Overall, the light curves for all tracts look roughly as expected, with significant noise in the y-band. The y-band fluxes also tend to be brightest for all the objects plotted; it’s unclear if this is a real trend or just small number statistics. The process for selecting which light curves to plot could be improved by imposing a signal-to-noise or faint magnitude cutoff, as the handful of noise-dominated sources are probably very faint and not worth examining in detail.

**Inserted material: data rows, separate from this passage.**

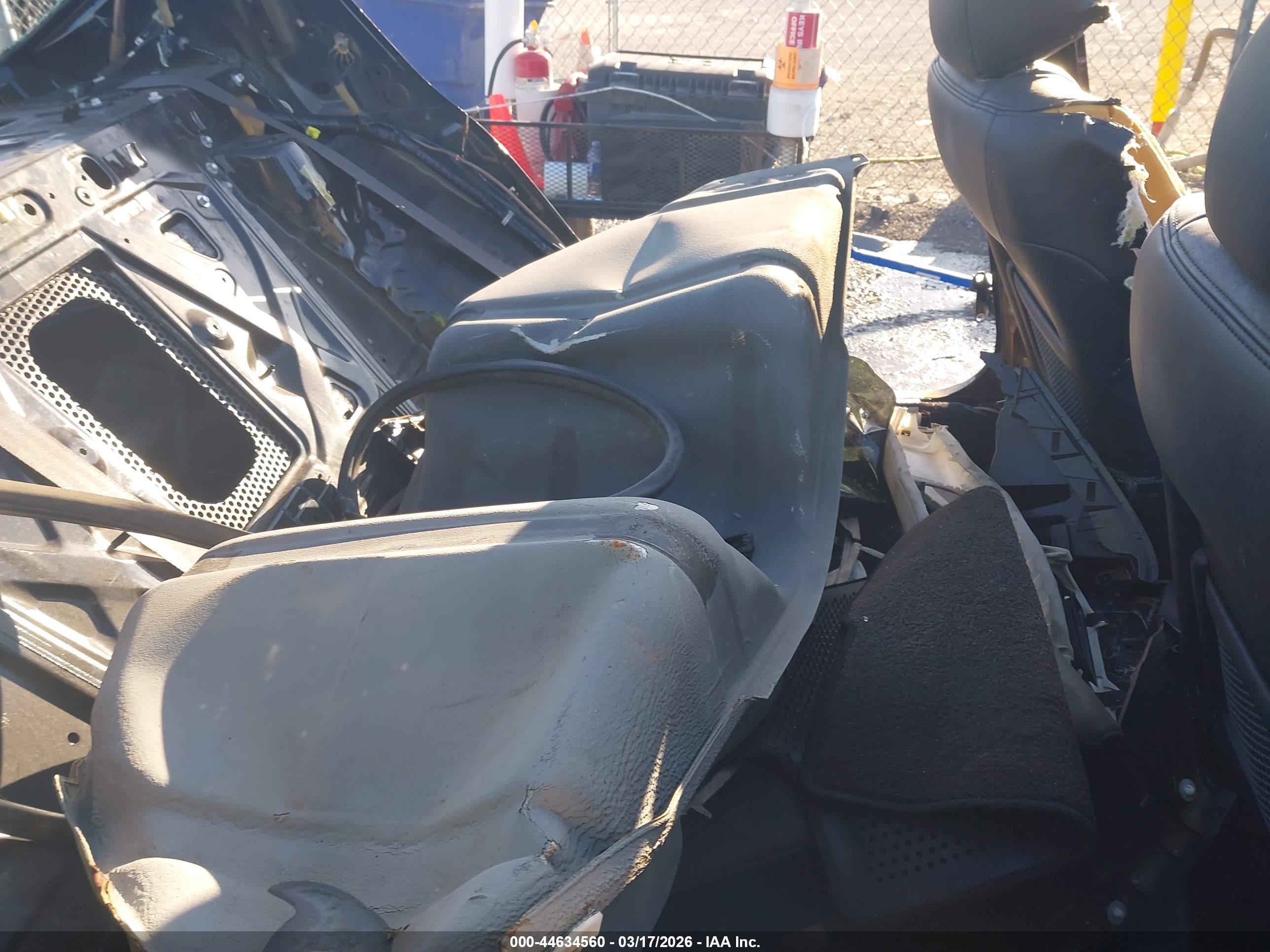 INFINITI G37 image 8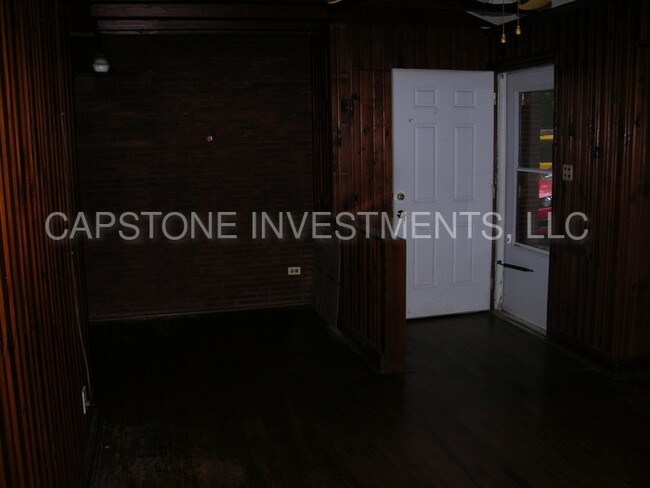 Foto del edificio - 301 S Link Ave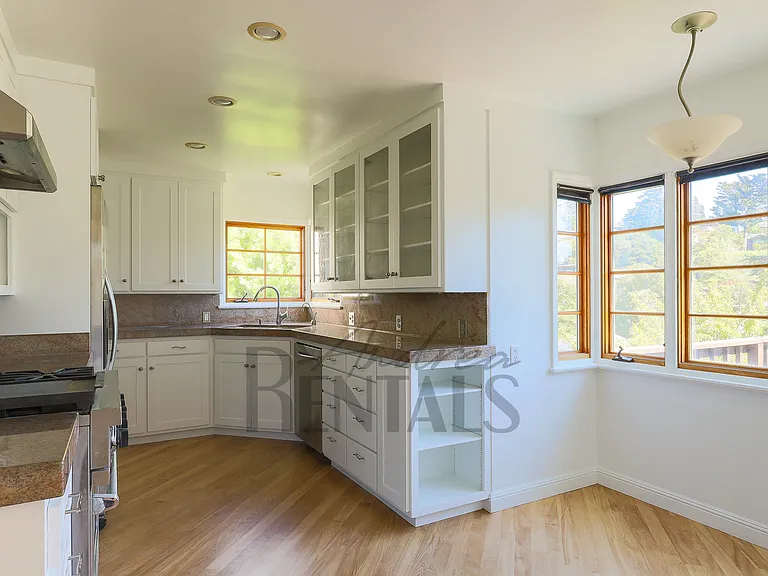 5555 Harbord Dr — Photo 12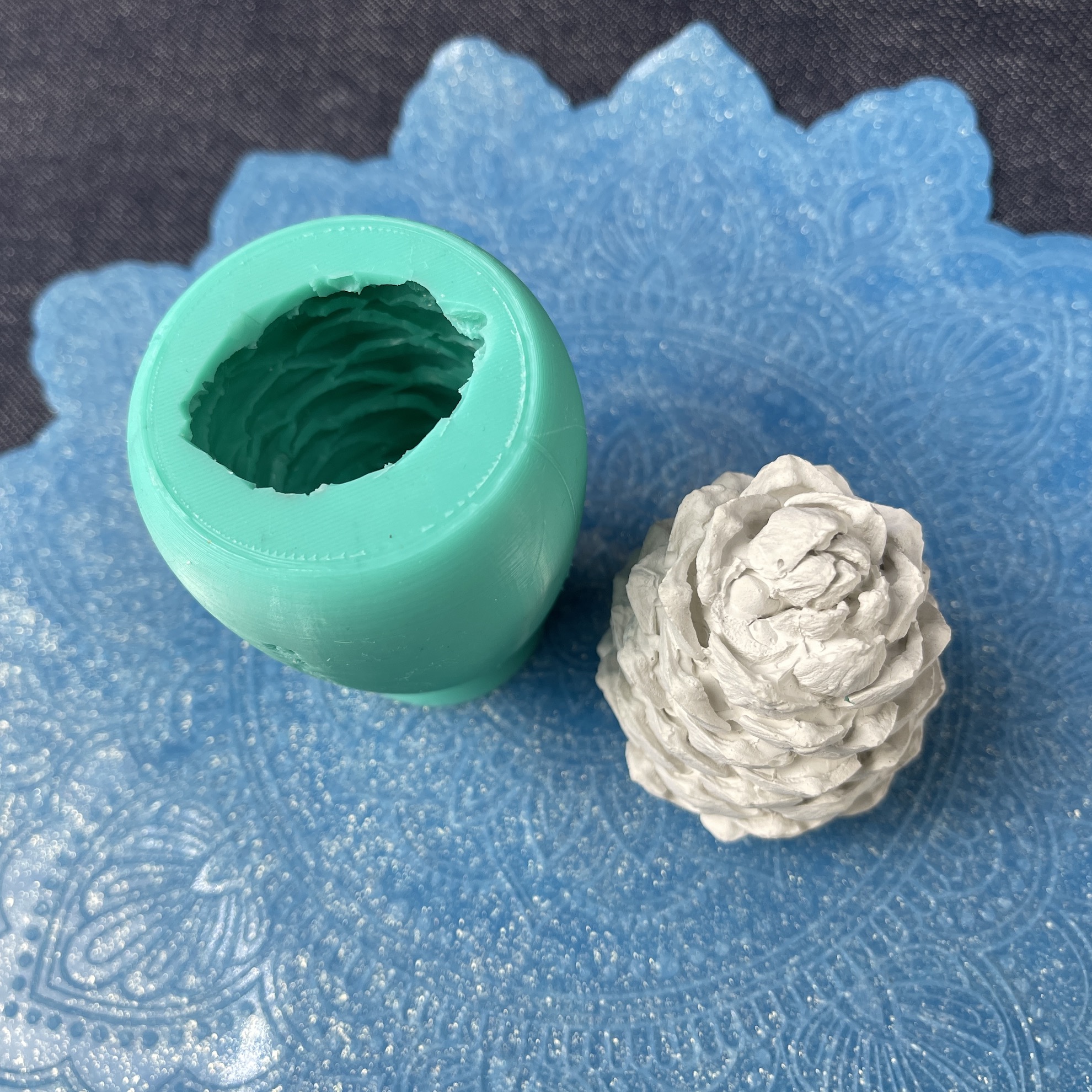 3D-молд "Кедровая шишка 2" (M)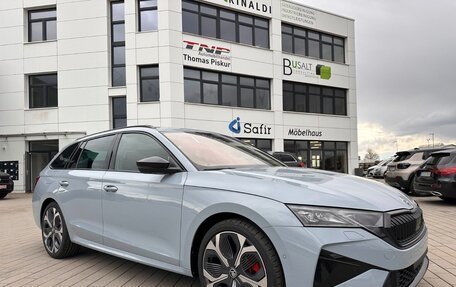 Skoda Octavia RS, 2025 год, 6 800 000 рублей, 3 фотография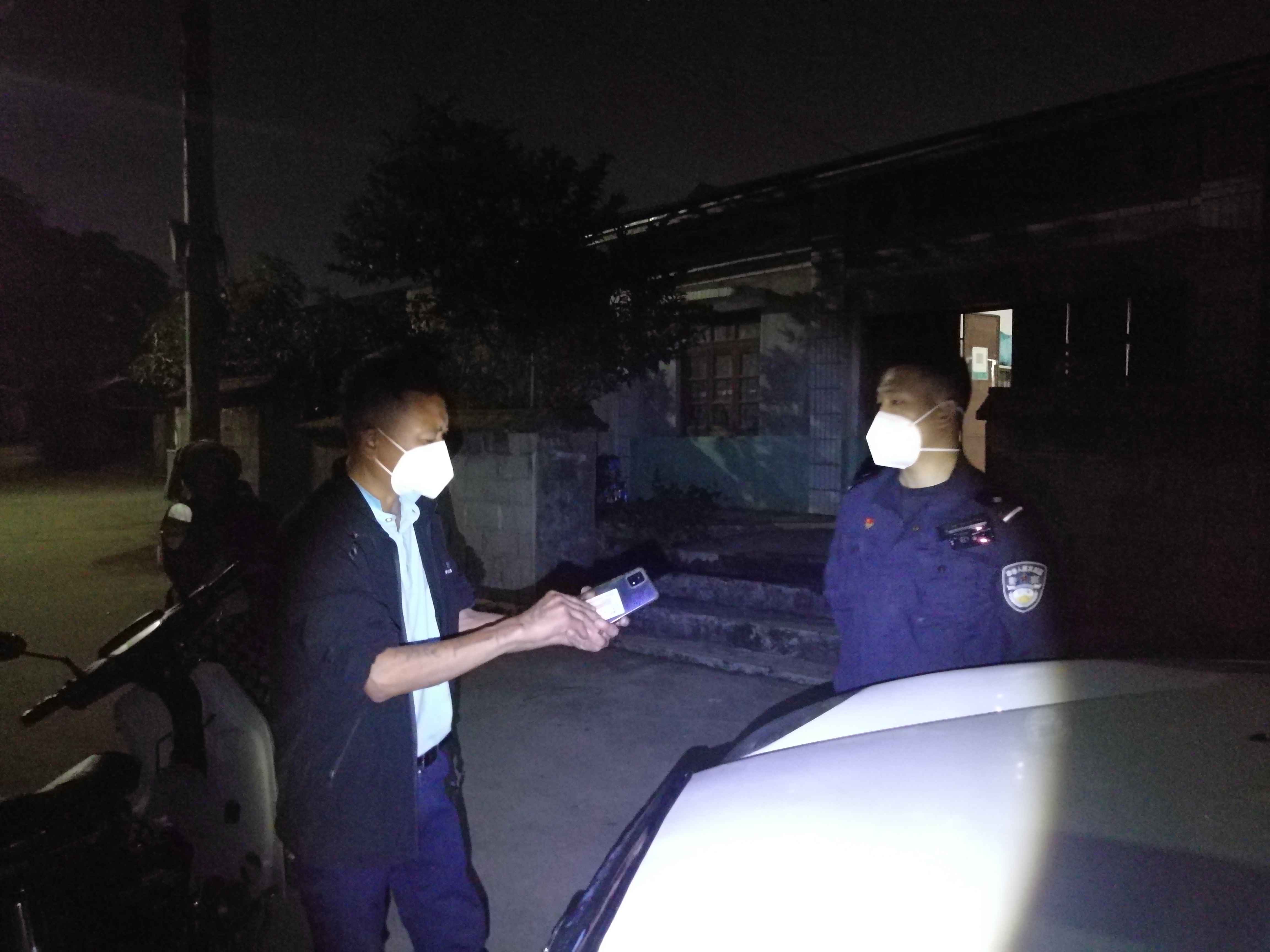 图片 2(1).jpg 图片 2(1).jpg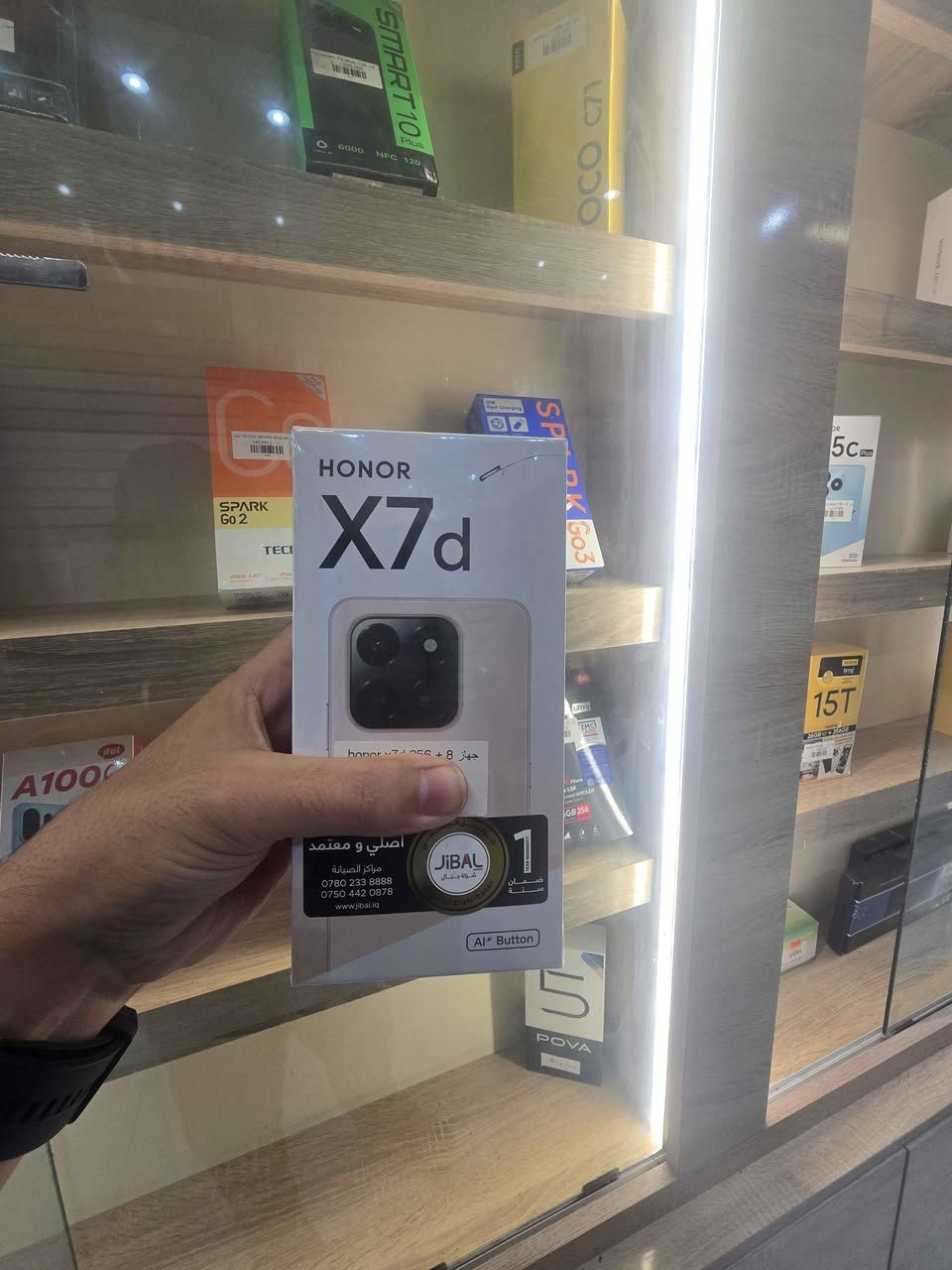 جهاز هونر x7d  جديد ما مستخدم 
سعر البيع  325 الف مع التوصيل  
ذاكرة الجهاز 256GB 
الذاكرة العشوائية 8GB 
للاستفسار مراسله الصفحه او اتصال على 
الرقم  *********** عمارة, ميسان

نص مكتوب في الصور:
- HONOR GO BEYOND مركز محمد أبل HONOR X7d قوة تدوم ... لكل لحظة شاشة كبيرة وواضحة 6.77" TFT LCD HD+ (720 × 1610) معدل تحديث 120Hz معالج قوي Snapdragon 685 (ثماني النواة) كاميرا خلفية بدقة عالية 108MP + 2MP (رئيسية) كاميرا أمامية 8MP ذاكرة وتخزين واسع 8GB RAM 256GB ROM (قابل للتوسعة حتى 1TB) بطارية تدوم طويلاً 6000mAh مع شحن سريع 35W مقاومة للماء والغبار IP65 نظام التشغيل MagicOS 8.0 (Android 14) تصميم عصري وأداء قوي ألوان متوفرة الأسود الفضي الأزرق الأخضر اختيارك الأمثل لجودة و تجربة أفضل بطارية قوية 6000mAh كاميرا 108MP بجودة احترافية شاشة كبيرة 6.77" أداء سلس Snapdragon 685 مركز محمد أبل أجهزة أصلية أسعار مناسبة خدمة ما بعد البيع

In the future, we plan to turn the notebook analysis summarized here into a Pipeline Task that creates and persists light curve plots and relevant summary statistics on a per-object basis via the Butler. This will enable a more thorough variability analysis. In particular, it will enable us to investigate how accurately these metrics measure variability for known variable objects and better assess the performance of forced photometry in the Science Pipelines. We intend to use one or more variability metrics to identify which objects exhibit real astrophysical variability along with a high signal-to-noise ratio, because they are the ones we ought to examine in more detail to assessing pipeline performance.